The politics of abortion is not broken in the US simply because of power-hungry politicians who would rather win reelection than find common ground, though too many of these charlatans are in office. A bigger problem is the existence and number of true believers, people who believe that certain children—sick children, those with disabilities, those who will live in deep poverty—should be killed. They may even be animated by a humanitarian impulse (perhaps believing an able-bodied bourgeois existence is the only one worth living). But the results are horrifying. And the recently released Planned Parenthood videos show the remorselessness, callousness, and brutality of these ideologues. We see them casually discuss crushing babies to death and negotiating over how much their tissues are worth, treating these topics like they are identical to the mundane business decisions and negotiations every company makes over a weekday lunch. The cruelty is real; it cannot be wished away simply because we desire dialogue or to find common ground with those who see legal abortion as a necessary evil and wish to see fewer abortions. Too many simply have no desire to condemn this cruelty or denounce the ideology behind it. The silence of pro-choice politicians is telling.
The culture war has damaged the Church. It has blocked progress on delivering assistance to pregnant women and their children. It has failed to deliver concrete protection to unborn lives. Simply trying to ban abortion without a comprehensive approach has been a disaster on every level, one orchestrated by anti-government right-wing ideologues. But the throwaway culture is real. The Catholic faith is not defined by where the Church stands on abortion. But the Catholic commitment to human dignity, human rights, and social justice collapses without a commitment to the value of every single life and a preferential option for the vulnerable. To think that unborn children who have disabilities or diseases should be killed is not to pick and choose from a cafeteria of Catholic teaching; it is a rejection of Catholic moral and social teaching at its most basic level—it is a rejection of its foundation and its core. We first look out for the weak, the poor, the vulnerable, the sick, the disabled—or we reject the way of Christ. And killing innocent people simply because of their vulnerability simply cannot be considered compatible with the Church’s understanding of justice rooted in love.
We do not need a culture war. We need a culture of life. This culture of life will provide a foundation for the type of comprehensive approach to abortion that can protect the lives and dignity of all, rooted in the belief that human dignity is innate not based on the maximization of autonomy or some other bourgeois value. But it must extend beyond politics.
The ultrasound technician said KJ should have been killed. But KJ is alive. He is able to watch his favorite wrestler, John Cena, compete in the WWE. And through ESPN’s ‘My Wish’, he met the wrestling superstar and was treated like a champ for a day by all his heroes in the ring.
KJ’s health is not perfect. But the value of his life is clear: his worth is infinite. We need only look in the eyes of his mother to see this.
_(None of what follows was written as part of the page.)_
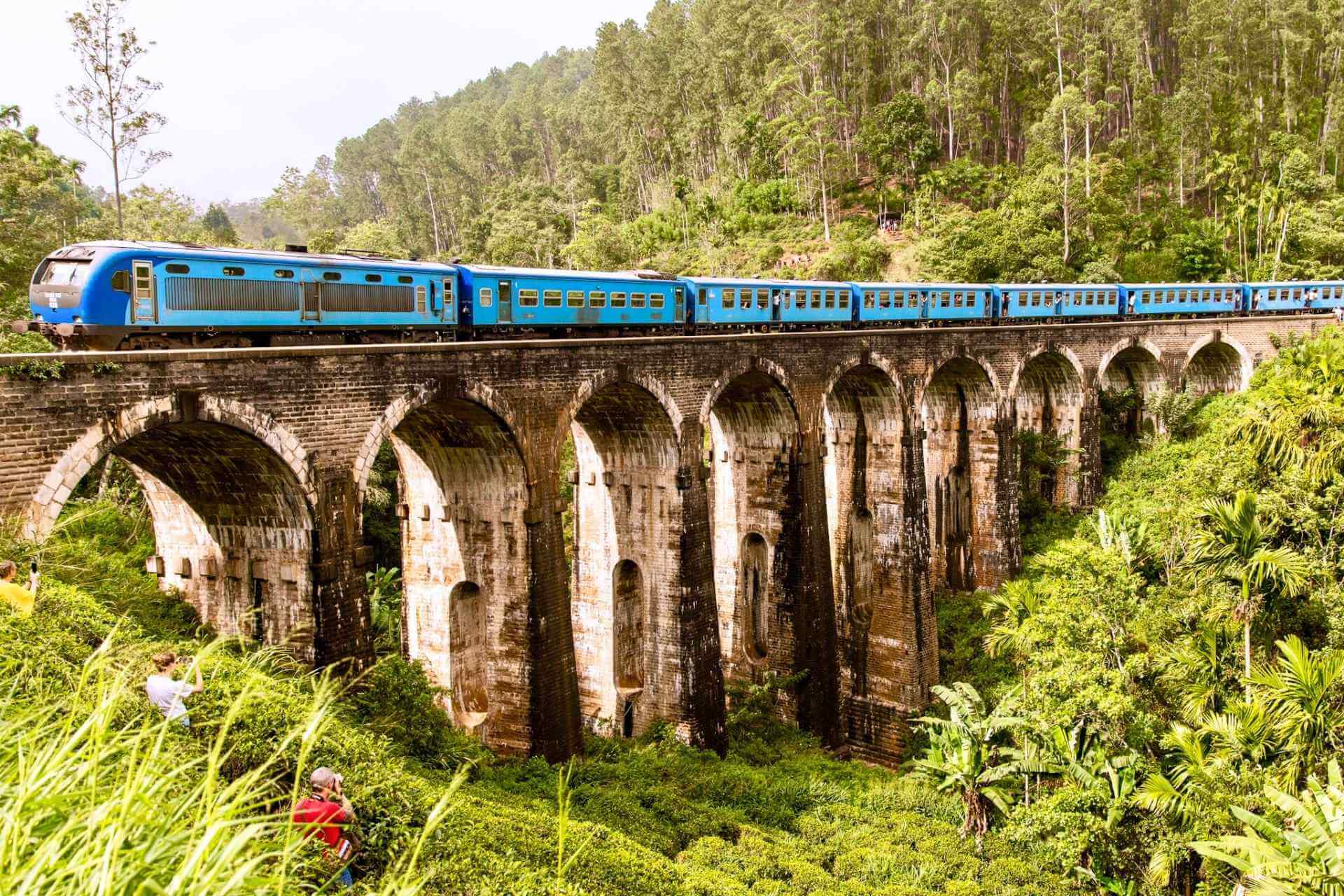 Toget mellom Kandy og Ella krysser den ber&oslash;mte Nine Arches Bridge i Sri Lankas frodige h&oslash;yland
All the wrestlers he hung out with for a few minutes on his special day can confirm this. And when we celebrate these children through Make-A-Wish programs, we send a powerful message: we value these people. They are unique and irreplaceable. Neither their dignity nor their worth is diminished by an illness or disability—they are each a blessing.
This is the culture of life. It has been 25 years since we passed the Americans with Disabilities Act, a wonderful accomplishment. As we look to build off of this and ensure greater protections for those with disabilities, it is this spirit and culture that will drive us forward. It is our job to live out this culture of life, to be witnesses who reject the throwaway culture in our everyday lives and affirm the worth and dignity of all.